Menurutnya, di balik pengembangan literasi ada hal yang urgensi yakni cara berpikir.
Dikatakan, literasi cara berpikir mempengaruhi kerja, cara bersikap, dan cara pola tingkah laku.
“Ini semua menjadi kekuatan kita,” tutur Polikarpus.
Program literasi ini lanjutnya, adalah kolaborasi dengan Pemerintah Pusat (Kemenhub) dan Pemerintah Provinsi Nusa Tenggara Timur.
Ia menegaskan, literasi bukan urusan dinas perpustakaan dan dinas pendidikan saja. Tetapi literasi adalah gerakan bersama. Untuk itu, semua urusan literasi harus menjadi tanggung jawab bersama.
Polikarpus menambahakn, literasi adalah jantung kehidupan. Jika jantung sudah tidak jalan, maka kehidupan bakal mati.
“Bicara membaca itu bukan hobi. Membaca adalah kebutuhan, wajib hukumnya semua generasi bangsa harus membaca. Tanpa membaca kita tidak akan mengenal dunia ini,” tegasnya.
Polikarpus mengatakan, banyak bahasa-bahasa para pendiri bangsa yang mendorong agar generasi bangsa menjadi generasi penerus yang memiliki kemampuan dan kecakapan literasi.
“Kita harus punya karakter yang mumpuni agar bangsa ini memiliki kekuatan besar bagi generasi kita,” harapnya.
Oleh karena itu lanjut dia, berliterasi adalah bertransformasi.
Bertransformasi semua aspek kehidupan. Pola kerja, pola pikir, dan pola laku bisa diolah melalui literasi.
“Olah cara berpikir kita, olah cara kerja kita, olah cara tindak kita, olah cara sikap kita, dan jangan lupa olahraga,” ujarnya.
Sementara itu, Ketua panitia Kemah Literasi NTT tahun 2019 Lamber L. Hurek mengatakan, masyarakat sekarang ini memandang literasi merupakan sebuah keniscayaan.
“Karena literasi menjadi prasarat bagi kecakapan hidup di abad ke-21,” katanya dalam laporan panitia.
Maka literasi kata dia, harus diintegrasikan dengan seluruh praktik pendidikan.
“Harus mulai dari kita sendiri dan masyarakat,” ucapnya.
Ia menegaskan, tahun 2015 ada enam kecakapan literasi. Keenamnya yakni, pertama, literasi baca tulis. Kedua, literasi nomerasi. Ketiga, literasi sains. Keempat, literasi digital. Kelima, literasi finansial. Keenam, literasi budaya dan kewarganegaraan.
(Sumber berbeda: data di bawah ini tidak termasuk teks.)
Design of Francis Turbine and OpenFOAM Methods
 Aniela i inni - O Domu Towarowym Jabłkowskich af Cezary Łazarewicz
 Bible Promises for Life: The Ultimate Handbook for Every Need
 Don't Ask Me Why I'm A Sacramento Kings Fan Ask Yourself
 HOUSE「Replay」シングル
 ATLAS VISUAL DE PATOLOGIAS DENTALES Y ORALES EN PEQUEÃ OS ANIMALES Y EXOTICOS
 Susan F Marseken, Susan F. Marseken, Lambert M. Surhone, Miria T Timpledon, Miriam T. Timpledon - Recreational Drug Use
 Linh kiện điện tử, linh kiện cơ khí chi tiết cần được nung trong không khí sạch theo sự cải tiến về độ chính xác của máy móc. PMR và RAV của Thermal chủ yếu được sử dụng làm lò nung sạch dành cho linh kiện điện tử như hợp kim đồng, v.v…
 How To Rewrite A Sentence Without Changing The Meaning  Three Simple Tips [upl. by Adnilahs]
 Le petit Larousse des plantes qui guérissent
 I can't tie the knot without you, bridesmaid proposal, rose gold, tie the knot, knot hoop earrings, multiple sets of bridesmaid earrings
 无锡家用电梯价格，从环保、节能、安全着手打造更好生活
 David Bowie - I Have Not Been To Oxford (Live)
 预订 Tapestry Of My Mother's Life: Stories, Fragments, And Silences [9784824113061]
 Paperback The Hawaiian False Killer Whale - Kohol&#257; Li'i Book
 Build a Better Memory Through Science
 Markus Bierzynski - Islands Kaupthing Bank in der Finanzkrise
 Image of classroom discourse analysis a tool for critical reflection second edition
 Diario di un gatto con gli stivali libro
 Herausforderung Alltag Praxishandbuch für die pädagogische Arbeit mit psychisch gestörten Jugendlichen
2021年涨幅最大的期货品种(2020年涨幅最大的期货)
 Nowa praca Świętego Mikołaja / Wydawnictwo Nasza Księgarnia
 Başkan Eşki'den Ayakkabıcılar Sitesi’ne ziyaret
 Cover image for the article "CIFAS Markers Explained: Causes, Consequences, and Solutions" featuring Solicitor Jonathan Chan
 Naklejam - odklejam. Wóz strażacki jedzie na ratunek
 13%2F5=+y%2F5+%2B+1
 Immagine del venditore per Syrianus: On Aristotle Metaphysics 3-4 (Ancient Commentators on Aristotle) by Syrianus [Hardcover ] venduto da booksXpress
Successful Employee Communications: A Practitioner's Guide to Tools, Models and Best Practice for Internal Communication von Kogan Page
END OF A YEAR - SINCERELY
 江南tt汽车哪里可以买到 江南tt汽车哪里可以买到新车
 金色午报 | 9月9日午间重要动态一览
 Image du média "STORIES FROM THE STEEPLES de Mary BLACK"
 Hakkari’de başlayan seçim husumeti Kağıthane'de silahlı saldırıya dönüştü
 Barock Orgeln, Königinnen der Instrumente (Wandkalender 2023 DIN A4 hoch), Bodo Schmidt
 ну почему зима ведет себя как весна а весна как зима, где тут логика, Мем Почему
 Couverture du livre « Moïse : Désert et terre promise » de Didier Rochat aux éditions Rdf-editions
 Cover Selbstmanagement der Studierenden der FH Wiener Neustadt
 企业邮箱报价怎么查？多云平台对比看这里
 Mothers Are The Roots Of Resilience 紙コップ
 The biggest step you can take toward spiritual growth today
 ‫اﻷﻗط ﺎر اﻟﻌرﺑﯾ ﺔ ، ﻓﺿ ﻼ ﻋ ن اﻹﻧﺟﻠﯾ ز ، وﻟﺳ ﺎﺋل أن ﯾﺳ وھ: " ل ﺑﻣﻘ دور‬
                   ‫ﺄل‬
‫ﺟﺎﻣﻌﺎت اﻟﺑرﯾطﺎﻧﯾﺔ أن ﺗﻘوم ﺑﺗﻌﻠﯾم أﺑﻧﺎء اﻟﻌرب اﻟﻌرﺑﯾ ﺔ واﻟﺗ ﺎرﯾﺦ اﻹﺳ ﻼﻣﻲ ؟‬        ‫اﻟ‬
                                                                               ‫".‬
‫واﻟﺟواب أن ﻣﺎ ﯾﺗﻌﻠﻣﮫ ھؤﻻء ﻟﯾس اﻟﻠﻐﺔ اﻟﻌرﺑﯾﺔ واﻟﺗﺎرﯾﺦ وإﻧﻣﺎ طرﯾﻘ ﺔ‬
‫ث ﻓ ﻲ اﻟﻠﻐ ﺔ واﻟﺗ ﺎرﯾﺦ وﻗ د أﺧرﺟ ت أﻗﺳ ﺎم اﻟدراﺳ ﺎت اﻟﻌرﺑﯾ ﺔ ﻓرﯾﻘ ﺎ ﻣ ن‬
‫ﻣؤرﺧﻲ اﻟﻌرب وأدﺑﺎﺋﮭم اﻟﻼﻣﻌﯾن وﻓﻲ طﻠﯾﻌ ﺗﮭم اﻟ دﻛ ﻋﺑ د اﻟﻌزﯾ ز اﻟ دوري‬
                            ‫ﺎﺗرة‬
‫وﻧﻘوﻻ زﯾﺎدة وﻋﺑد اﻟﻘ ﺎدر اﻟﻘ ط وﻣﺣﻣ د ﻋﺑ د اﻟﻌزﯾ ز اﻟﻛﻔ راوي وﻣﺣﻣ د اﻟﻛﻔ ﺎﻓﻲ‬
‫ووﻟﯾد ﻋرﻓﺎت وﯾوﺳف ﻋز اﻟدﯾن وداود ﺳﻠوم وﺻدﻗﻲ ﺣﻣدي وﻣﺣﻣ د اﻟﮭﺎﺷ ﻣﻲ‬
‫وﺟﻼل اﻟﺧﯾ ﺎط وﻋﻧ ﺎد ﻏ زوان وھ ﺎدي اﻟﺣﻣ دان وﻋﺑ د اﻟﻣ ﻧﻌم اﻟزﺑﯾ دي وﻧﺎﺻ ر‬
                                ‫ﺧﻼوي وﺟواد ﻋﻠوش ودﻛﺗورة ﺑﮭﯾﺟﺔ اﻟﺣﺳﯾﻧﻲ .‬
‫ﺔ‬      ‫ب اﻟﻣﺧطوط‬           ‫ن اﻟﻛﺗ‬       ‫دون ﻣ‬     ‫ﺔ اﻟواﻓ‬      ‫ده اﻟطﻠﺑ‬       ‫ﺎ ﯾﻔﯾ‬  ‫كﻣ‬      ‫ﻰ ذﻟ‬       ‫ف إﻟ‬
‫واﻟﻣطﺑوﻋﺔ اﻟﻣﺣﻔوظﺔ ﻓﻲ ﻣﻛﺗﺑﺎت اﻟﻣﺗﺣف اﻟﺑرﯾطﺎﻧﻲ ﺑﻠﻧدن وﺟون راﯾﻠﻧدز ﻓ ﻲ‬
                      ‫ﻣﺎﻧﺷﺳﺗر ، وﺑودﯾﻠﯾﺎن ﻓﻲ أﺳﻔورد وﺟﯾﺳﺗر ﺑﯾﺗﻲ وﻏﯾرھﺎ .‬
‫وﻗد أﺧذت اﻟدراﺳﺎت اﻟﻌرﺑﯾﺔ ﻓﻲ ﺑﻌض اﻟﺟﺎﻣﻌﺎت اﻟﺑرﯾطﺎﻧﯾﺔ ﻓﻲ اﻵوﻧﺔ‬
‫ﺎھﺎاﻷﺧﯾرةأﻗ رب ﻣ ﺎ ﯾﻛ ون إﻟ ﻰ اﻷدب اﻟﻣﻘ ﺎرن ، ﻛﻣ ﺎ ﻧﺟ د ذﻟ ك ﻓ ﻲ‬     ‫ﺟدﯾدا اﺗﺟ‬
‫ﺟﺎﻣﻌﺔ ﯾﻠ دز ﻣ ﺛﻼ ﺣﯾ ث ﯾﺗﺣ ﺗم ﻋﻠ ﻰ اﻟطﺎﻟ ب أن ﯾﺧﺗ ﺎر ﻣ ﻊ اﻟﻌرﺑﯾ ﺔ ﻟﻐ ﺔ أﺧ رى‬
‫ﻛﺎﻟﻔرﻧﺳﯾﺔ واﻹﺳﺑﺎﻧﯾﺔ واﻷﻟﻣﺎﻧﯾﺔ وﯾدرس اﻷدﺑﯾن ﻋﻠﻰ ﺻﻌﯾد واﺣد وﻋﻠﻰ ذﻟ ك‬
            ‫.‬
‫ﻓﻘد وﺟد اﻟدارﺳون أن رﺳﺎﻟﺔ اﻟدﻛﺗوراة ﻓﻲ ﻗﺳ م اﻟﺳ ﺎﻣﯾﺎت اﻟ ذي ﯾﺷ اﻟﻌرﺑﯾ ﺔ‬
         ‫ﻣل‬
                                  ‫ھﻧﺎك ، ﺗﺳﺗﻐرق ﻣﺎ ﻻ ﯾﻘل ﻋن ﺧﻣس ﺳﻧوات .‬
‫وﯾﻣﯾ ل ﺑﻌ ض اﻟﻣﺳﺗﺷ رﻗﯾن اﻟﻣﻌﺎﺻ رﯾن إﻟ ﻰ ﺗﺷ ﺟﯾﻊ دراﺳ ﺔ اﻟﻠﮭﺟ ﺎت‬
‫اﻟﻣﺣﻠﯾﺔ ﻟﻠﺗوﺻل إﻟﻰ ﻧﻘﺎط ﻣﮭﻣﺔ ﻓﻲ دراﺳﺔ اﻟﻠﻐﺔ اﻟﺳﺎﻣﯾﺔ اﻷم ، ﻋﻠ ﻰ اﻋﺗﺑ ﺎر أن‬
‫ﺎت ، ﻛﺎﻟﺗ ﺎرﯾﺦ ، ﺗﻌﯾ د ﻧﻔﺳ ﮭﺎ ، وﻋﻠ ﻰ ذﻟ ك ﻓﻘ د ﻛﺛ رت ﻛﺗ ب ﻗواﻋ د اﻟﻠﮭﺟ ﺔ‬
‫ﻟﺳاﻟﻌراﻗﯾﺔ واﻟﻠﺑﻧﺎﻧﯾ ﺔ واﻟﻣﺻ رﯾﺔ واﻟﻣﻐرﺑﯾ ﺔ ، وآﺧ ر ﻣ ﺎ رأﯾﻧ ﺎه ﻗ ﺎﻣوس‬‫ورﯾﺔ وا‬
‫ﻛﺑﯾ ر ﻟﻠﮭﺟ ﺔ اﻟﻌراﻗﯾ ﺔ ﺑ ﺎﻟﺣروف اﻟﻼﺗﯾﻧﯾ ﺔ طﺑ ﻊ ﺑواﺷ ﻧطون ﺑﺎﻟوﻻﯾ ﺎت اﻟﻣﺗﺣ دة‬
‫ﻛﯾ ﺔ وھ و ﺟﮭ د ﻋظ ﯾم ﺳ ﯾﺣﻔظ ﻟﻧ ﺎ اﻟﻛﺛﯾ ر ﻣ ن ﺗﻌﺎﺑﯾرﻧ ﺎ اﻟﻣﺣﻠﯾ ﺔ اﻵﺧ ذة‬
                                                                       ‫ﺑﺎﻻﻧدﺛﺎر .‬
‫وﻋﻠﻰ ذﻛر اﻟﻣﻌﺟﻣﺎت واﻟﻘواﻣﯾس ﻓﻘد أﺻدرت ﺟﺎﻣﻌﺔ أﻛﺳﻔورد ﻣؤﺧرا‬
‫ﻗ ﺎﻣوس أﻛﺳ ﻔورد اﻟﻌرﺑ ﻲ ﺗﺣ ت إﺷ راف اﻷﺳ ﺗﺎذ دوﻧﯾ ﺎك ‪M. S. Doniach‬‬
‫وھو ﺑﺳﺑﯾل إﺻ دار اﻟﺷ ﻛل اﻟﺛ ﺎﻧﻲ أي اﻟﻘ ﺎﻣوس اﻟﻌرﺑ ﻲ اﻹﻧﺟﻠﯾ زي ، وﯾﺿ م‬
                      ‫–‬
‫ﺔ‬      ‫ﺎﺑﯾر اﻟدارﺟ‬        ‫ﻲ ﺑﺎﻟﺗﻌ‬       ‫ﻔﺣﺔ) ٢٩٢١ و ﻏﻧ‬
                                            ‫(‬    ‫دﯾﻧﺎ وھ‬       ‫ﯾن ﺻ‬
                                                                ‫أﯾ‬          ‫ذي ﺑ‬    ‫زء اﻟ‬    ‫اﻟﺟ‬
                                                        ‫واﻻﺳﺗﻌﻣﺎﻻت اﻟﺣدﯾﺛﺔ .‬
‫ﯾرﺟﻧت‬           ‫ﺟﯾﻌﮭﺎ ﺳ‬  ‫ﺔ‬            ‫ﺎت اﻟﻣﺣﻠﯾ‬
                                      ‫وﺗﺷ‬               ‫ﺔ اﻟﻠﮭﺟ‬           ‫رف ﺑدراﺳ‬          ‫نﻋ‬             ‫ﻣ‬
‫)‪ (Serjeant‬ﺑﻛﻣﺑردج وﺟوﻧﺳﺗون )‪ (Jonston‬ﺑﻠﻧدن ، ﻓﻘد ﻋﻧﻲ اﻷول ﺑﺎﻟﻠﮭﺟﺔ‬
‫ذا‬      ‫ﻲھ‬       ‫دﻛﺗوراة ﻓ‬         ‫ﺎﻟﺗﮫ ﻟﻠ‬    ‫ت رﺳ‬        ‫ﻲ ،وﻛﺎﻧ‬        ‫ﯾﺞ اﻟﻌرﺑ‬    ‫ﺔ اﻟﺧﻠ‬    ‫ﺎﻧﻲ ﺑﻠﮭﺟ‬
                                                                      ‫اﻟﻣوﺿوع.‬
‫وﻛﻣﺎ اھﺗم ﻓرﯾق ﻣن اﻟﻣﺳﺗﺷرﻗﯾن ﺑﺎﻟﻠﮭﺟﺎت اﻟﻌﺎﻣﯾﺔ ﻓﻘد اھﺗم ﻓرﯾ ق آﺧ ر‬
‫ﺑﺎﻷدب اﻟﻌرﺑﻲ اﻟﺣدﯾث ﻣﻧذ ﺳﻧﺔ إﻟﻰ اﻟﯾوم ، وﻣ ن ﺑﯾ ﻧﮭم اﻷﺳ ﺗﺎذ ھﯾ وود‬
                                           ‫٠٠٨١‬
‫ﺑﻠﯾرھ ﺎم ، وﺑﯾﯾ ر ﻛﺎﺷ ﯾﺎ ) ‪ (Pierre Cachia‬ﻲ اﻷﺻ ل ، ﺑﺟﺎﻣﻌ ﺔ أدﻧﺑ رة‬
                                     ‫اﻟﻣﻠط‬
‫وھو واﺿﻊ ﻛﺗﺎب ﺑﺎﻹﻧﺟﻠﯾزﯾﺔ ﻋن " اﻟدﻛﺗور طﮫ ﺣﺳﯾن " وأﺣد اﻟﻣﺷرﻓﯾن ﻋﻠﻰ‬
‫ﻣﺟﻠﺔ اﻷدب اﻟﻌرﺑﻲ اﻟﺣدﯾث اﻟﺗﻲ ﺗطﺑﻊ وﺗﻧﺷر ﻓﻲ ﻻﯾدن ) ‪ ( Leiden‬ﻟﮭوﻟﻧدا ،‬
“Yang harus dikuasai oleh masyarakat di abad 21 ini,” katanya.
Oleh karena itu kata dia, keenam kecakapan literasi tersebut harus dikampanyekan.
“Namun, literasi dasar tersebut tidak berarti bila tidak terpentingkan menjadi kemampuan berkolaborasi, berpikir kritis, kreatif, komunikatif, sampai terbentuk menjadi karakter modal hidup untuk bersaing dengan bangsa lain di era yang terbuka ini,” ungkapnya.
Untuk diketahui, kegiatan ini berlangsung selama 3 hari terhitung sejak tanggal 25 sampai 27 November 2019.